When you find the line with "cover with 'Grandaddy'" among the records below, reproduce it and each line after it exactly, ending with the line with "Vecchia strada acciottolata".

Content starts

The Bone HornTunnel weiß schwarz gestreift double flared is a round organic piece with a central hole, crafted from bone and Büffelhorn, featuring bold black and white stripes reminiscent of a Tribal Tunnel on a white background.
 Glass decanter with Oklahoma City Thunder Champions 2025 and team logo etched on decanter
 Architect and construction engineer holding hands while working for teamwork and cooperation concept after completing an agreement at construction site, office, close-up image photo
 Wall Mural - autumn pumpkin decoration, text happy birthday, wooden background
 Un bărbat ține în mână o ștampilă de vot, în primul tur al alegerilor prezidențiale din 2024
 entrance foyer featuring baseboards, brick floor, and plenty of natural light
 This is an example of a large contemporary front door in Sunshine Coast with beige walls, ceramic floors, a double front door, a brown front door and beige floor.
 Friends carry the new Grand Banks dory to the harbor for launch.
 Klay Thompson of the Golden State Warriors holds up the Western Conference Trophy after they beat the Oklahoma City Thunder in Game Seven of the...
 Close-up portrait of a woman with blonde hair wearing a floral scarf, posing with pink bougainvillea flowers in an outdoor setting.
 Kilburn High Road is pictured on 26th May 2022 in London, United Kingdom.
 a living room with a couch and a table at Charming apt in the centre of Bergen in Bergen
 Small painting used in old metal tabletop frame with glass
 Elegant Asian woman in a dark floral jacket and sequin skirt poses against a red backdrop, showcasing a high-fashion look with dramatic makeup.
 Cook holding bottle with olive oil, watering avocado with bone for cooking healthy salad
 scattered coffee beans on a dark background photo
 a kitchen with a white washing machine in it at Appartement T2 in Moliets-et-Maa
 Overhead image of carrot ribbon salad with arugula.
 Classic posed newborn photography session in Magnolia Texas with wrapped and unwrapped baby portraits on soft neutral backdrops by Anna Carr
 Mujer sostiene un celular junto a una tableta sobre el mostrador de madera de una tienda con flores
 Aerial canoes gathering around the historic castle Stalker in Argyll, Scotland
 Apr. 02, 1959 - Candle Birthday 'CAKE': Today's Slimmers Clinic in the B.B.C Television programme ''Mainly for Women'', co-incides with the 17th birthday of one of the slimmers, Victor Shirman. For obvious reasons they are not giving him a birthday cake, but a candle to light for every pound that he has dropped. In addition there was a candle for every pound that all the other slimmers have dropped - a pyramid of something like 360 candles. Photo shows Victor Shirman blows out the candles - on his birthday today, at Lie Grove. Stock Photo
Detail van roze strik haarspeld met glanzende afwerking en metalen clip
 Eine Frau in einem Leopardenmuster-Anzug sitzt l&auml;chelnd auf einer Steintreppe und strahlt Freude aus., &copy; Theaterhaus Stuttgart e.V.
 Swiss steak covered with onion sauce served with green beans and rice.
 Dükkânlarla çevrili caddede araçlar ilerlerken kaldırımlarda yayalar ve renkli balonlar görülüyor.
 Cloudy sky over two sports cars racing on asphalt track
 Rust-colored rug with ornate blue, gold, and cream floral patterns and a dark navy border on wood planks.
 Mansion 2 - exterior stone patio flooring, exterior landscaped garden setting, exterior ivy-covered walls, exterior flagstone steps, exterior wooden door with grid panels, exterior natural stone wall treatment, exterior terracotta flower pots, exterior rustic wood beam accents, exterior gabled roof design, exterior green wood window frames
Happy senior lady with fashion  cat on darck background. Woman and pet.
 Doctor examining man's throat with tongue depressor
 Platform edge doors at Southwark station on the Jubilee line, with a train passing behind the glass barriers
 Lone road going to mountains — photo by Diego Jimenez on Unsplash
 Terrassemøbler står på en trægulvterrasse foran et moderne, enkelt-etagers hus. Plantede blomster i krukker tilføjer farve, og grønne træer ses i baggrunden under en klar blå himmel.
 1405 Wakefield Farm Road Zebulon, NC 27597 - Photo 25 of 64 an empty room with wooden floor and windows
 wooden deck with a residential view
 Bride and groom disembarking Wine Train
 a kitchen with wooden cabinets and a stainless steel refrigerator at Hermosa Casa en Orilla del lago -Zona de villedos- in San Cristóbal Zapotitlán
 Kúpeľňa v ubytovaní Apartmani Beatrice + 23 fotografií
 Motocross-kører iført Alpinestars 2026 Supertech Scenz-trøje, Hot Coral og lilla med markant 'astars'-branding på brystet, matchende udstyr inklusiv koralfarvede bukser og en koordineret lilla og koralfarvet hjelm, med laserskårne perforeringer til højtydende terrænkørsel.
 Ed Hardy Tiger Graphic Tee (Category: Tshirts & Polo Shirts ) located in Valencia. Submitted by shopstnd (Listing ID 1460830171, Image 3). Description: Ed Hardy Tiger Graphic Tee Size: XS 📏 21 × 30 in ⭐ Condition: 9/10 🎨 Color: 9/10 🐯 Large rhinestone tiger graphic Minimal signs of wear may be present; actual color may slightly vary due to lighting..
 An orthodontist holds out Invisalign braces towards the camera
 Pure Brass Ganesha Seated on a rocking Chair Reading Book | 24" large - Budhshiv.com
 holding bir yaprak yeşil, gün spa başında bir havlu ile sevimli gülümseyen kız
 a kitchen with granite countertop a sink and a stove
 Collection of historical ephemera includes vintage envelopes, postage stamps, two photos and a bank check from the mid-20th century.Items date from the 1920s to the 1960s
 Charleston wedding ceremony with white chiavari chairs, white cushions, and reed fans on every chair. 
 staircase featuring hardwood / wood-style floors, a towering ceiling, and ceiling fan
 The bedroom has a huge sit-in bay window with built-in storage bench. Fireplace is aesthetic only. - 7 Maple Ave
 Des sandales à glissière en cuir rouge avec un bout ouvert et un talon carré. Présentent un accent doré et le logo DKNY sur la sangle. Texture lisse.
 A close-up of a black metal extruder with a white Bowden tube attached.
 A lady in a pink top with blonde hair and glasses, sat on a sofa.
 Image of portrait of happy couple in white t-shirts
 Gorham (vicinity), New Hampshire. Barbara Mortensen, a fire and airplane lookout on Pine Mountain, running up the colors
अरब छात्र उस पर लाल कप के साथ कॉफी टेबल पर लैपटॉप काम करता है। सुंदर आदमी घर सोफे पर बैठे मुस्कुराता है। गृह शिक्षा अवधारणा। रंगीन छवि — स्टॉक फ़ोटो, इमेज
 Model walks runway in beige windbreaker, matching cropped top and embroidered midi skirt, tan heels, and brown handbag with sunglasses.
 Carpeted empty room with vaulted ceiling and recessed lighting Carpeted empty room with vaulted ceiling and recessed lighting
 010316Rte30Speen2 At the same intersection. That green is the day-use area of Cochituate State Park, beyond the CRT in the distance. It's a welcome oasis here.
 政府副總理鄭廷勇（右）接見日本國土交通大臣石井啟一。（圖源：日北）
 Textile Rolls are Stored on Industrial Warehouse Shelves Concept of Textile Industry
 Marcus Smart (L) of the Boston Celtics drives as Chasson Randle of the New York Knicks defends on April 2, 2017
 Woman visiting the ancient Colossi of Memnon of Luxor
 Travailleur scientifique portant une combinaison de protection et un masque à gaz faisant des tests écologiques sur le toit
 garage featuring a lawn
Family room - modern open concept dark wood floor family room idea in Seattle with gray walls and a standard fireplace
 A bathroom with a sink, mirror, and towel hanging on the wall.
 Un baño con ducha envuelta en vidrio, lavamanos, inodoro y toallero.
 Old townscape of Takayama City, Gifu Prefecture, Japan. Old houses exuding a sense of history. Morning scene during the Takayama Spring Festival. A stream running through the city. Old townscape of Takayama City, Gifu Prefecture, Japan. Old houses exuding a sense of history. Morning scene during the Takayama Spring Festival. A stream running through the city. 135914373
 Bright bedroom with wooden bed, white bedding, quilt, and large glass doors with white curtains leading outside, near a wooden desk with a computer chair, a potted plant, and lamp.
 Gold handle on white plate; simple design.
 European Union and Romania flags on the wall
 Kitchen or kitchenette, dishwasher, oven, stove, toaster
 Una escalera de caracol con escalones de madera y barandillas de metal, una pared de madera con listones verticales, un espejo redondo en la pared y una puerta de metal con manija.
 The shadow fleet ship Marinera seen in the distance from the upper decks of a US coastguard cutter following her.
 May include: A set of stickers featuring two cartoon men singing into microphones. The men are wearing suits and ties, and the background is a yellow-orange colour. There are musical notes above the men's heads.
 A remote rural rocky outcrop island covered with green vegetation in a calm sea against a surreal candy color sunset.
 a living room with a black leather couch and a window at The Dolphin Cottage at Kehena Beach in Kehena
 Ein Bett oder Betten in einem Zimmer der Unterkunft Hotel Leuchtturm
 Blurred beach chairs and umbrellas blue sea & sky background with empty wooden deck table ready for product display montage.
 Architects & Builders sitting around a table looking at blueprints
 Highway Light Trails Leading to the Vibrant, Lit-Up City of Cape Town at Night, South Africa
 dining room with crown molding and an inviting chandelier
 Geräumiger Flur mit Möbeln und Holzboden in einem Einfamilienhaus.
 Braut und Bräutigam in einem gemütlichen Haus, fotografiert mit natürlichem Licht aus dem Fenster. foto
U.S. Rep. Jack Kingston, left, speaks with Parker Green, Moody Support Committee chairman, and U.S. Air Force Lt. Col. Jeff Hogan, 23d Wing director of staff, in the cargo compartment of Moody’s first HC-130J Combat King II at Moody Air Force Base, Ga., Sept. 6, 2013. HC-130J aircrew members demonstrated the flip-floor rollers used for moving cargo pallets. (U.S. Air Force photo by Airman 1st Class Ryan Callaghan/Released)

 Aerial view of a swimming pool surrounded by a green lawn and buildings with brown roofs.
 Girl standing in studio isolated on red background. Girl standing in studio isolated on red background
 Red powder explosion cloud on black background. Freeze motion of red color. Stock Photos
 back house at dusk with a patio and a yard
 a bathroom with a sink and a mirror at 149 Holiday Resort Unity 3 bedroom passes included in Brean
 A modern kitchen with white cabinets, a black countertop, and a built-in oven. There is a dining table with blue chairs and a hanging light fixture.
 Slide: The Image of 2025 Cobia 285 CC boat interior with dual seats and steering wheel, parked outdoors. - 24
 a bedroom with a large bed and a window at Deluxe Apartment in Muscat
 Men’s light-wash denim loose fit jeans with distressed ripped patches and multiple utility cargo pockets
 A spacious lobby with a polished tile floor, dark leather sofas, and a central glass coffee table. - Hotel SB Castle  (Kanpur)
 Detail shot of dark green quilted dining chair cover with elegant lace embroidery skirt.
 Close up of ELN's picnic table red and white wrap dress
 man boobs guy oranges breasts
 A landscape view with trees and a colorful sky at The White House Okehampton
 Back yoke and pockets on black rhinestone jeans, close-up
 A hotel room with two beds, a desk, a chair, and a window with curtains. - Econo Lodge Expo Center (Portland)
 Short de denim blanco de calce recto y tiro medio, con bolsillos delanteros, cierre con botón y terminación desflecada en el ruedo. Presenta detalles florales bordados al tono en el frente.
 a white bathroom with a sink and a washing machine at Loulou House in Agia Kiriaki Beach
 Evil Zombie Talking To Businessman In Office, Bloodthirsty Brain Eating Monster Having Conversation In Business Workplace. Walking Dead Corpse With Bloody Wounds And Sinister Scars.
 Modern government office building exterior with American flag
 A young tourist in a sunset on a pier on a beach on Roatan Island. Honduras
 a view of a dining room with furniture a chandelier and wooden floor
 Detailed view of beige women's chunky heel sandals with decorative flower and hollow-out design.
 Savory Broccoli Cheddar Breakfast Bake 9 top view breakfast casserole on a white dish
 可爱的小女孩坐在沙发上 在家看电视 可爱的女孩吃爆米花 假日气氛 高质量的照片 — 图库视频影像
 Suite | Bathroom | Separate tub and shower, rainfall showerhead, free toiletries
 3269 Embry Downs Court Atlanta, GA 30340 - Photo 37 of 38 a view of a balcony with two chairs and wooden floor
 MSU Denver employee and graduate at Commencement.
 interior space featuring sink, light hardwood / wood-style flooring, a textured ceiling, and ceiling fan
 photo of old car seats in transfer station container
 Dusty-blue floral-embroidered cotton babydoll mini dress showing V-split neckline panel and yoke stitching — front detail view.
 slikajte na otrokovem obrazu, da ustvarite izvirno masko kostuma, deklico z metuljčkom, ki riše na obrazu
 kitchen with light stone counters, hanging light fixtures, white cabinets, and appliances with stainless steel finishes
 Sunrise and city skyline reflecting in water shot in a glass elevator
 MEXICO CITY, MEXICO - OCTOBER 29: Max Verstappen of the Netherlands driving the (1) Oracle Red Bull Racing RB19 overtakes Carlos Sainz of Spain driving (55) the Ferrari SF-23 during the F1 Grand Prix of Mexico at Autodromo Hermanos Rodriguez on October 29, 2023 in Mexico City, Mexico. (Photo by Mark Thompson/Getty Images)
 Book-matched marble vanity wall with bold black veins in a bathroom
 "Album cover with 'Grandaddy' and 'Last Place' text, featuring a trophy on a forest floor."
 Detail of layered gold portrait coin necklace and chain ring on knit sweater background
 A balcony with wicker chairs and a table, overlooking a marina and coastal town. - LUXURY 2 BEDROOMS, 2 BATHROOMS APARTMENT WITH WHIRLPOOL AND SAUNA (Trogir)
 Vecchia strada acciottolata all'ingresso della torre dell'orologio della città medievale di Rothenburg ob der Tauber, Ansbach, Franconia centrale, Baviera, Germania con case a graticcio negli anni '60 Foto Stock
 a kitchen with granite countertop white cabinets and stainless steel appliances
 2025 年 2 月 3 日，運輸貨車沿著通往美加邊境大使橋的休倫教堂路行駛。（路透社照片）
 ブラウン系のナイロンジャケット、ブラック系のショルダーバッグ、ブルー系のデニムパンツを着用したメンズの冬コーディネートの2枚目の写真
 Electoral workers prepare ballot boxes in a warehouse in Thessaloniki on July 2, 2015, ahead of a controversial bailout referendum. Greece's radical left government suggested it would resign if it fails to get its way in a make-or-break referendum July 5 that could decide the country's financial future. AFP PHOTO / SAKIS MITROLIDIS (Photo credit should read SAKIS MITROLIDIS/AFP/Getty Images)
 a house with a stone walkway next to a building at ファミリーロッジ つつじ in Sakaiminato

Content ends

### Solution to this task
 "Album cover with 'Grandaddy' and 'Last Place' text, featuring a trophy on a forest floor."
 Detail of layered gold portrait coin necklace and chain ring on knit sweater background
 A balcony with wicker chairs and a table, overlooking a marina and coastal town. - LUXURY 2 BEDROOMS, 2 BATHROOMS APARTMENT WITH WHIRLPOOL AND SAUNA (Trogir)
 Vecchia strada acciottolata all'ingresso della torre dell'orologio della città medievale di Rothenburg ob der Tauber, Ansbach, Franconia centrale, Baviera, Germania con case a graticcio negli anni '60 Foto Stock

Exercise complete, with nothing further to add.